When you reach the line with "Una habitación de", start repeating the lines exactly and keep going to the end of the records, but drop every picture.

Caption-style text data
******
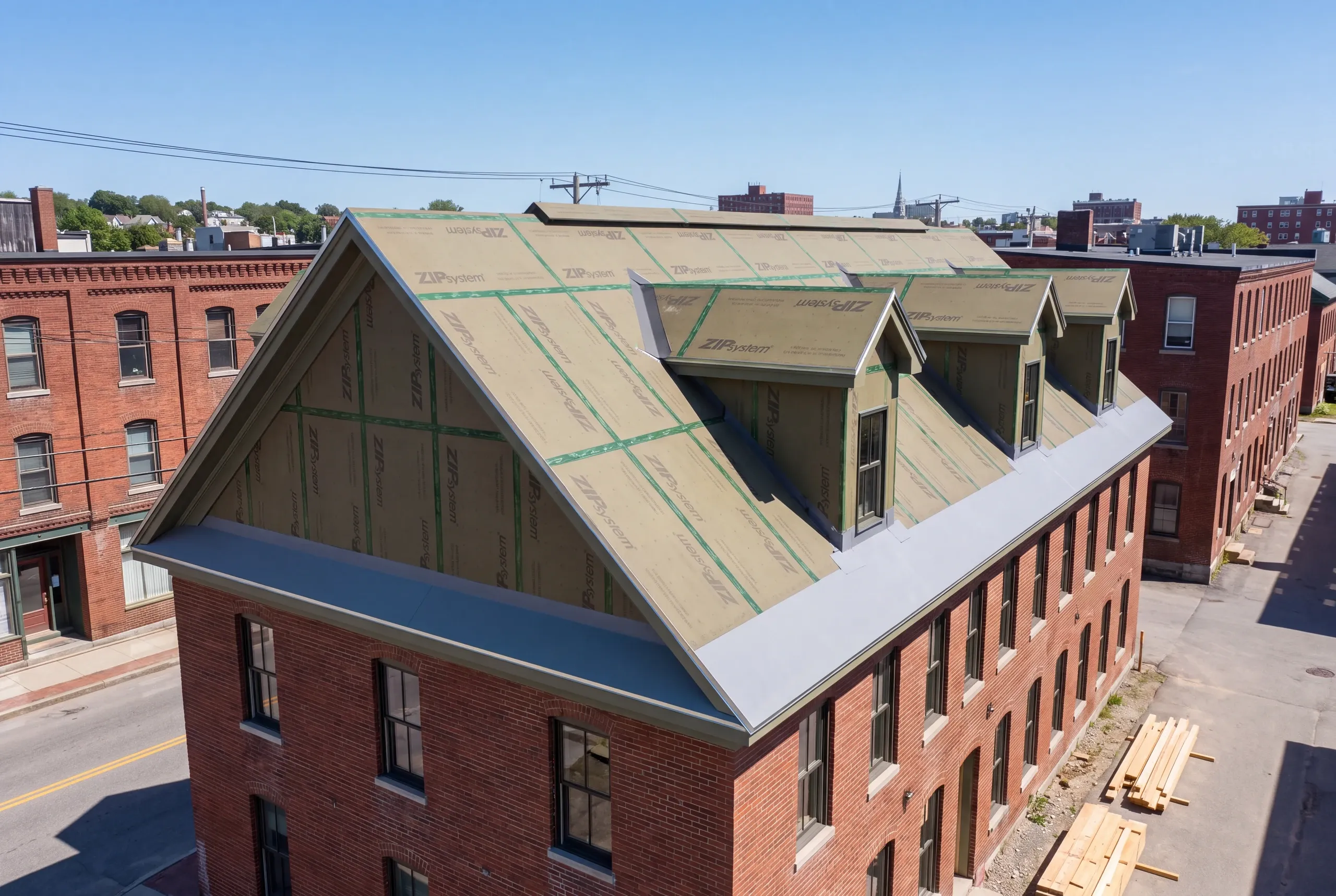 Three-story mill-era multi-family roof being replaced in Lewiston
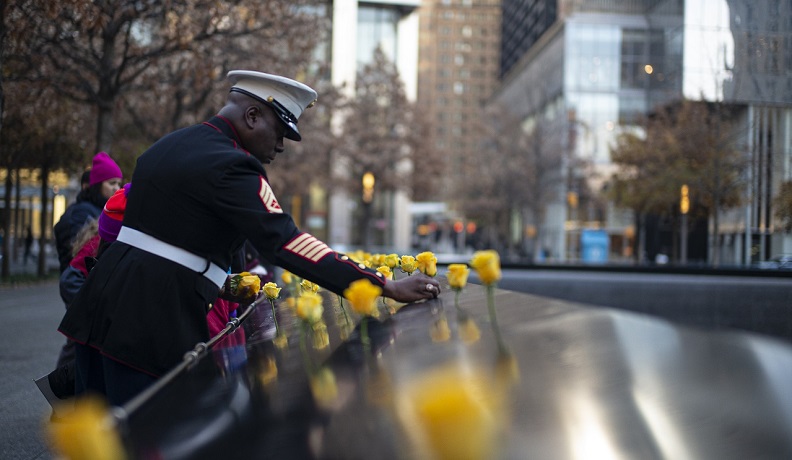 A Medal of Honor recipient in dress uniform places yellow roses on the 9/11 Memorial parapets.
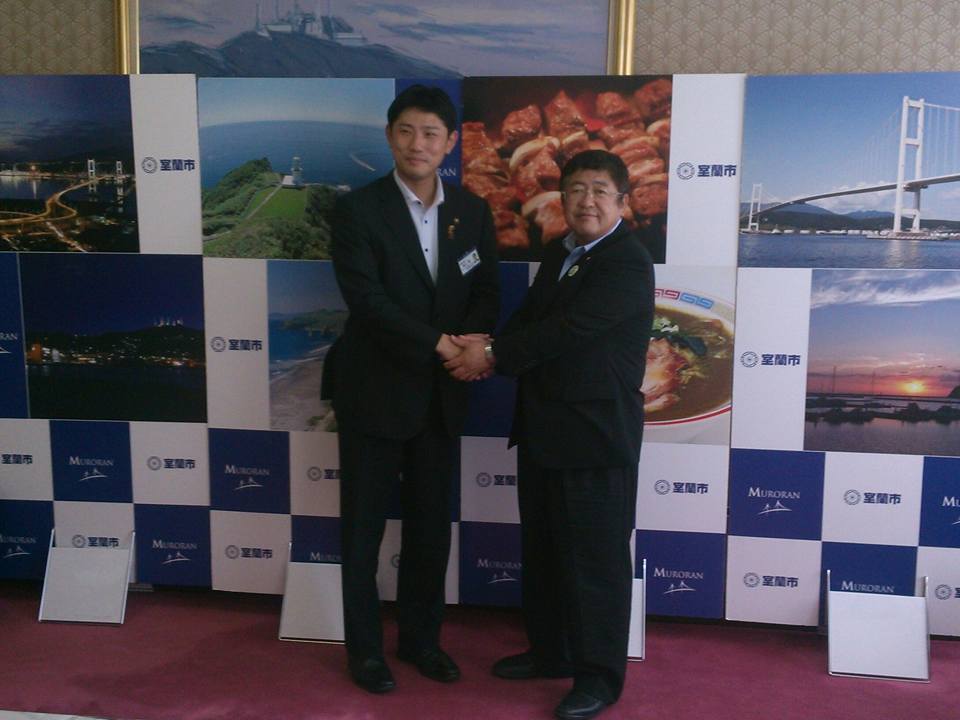 室蘭市のバックパネルの前で両手で握手をする青山室蘭市長と山本市長の記念写真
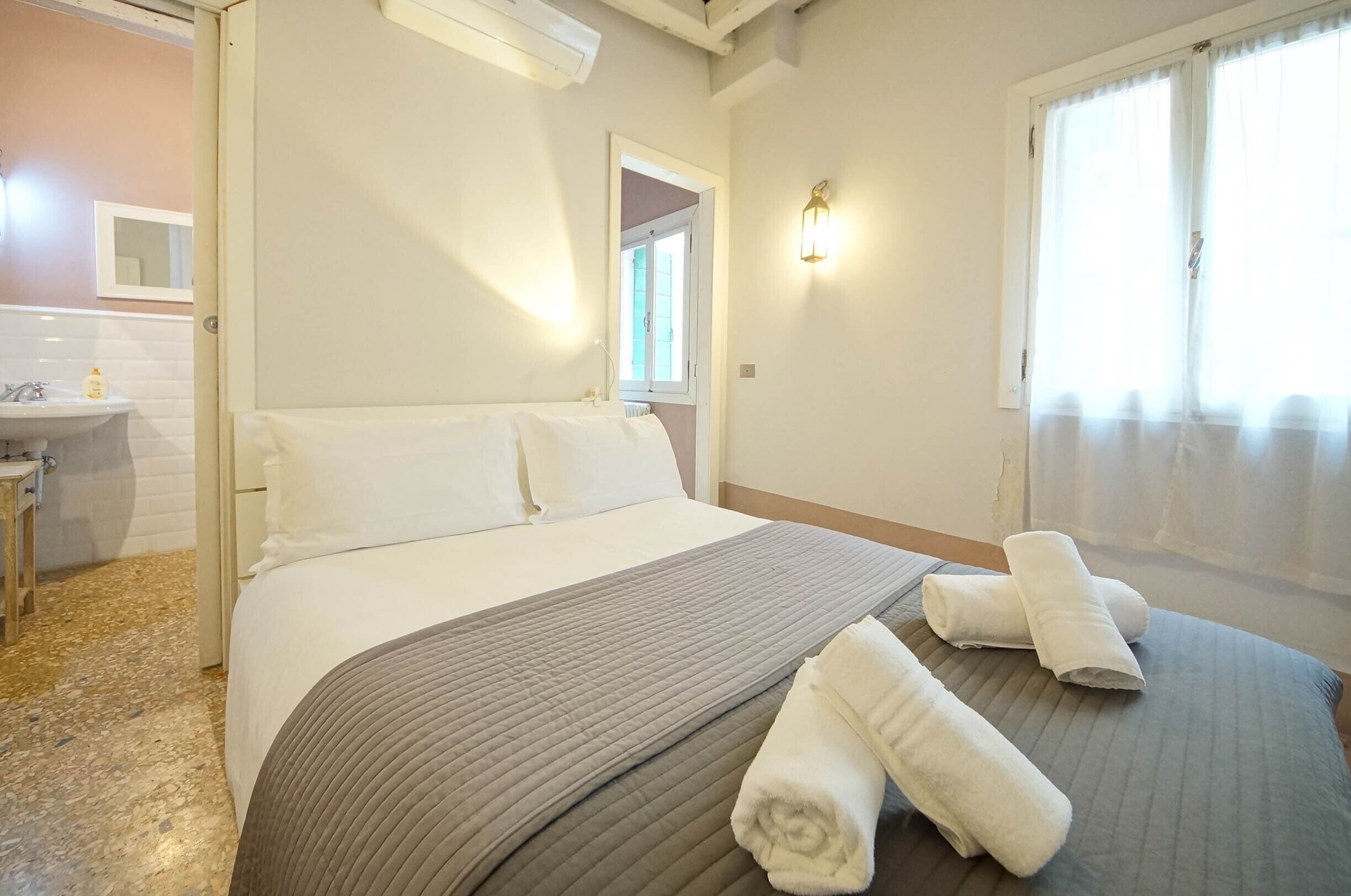 Una habitación de hotel con cama, mesita de noche, ventana con cortinas y baño con lavabo y espejo.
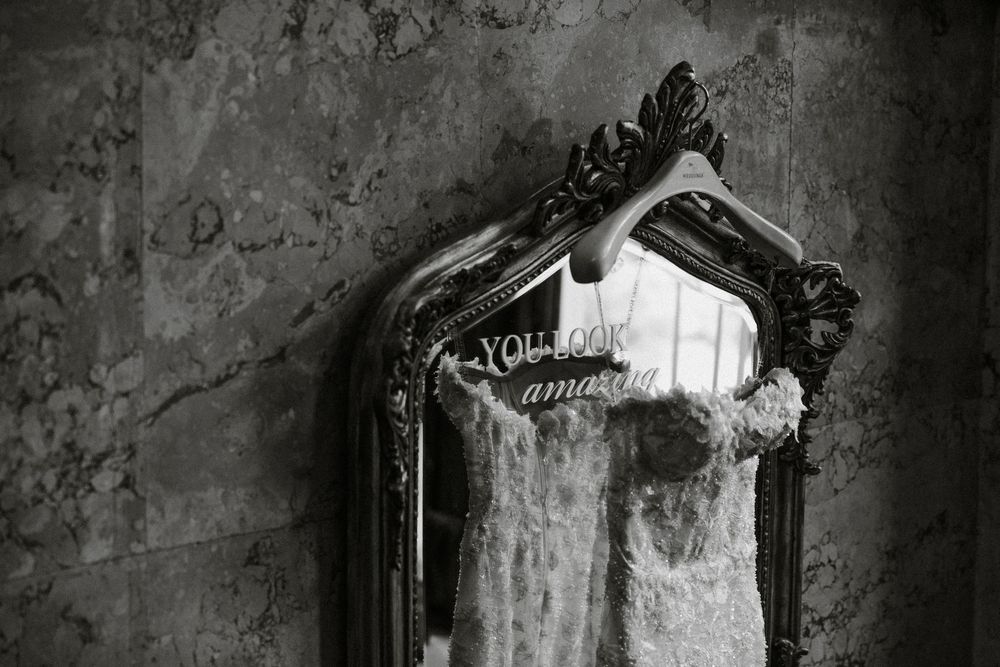 A dark and moody series of black and white photographs showing vintage clothes hangers against a textured wall.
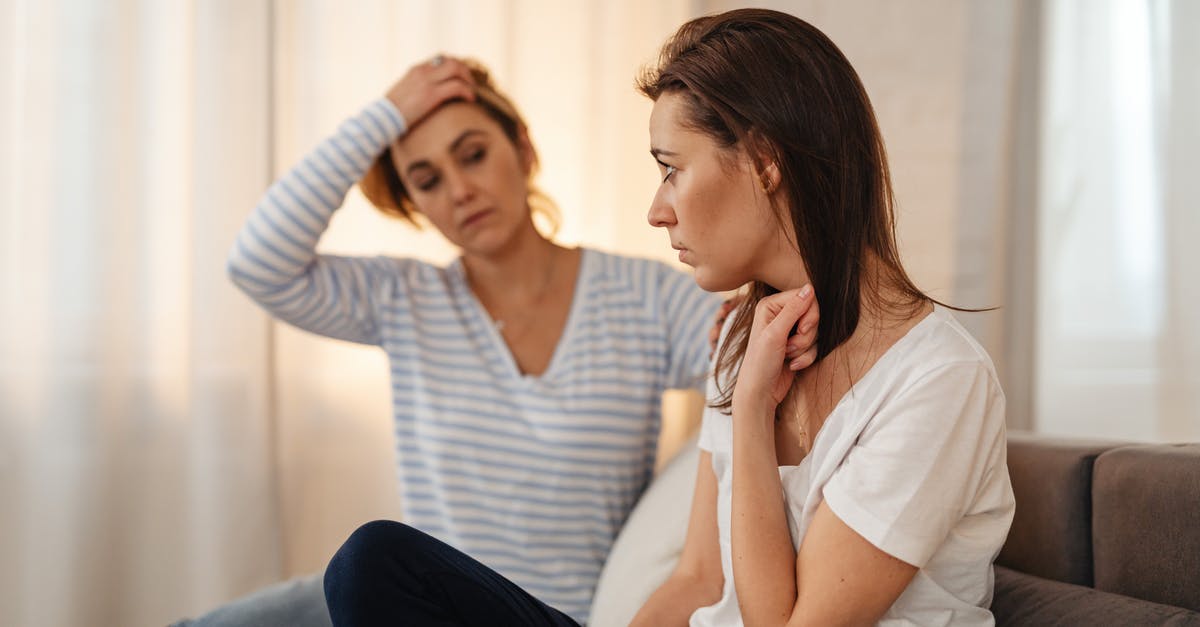 Worried about my sapling - Worried Woman Sitting on a Sofa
******
Response area:
 Una habitación de hotel con cama, mesita de noche, ventana con cortinas y baño con lavabo y espejo.
 A dark and moody series of black and white photographs showing vintage clothes hangers against a textured wall.
 Worried about my sapling - Worried Woman Sitting on a Sofa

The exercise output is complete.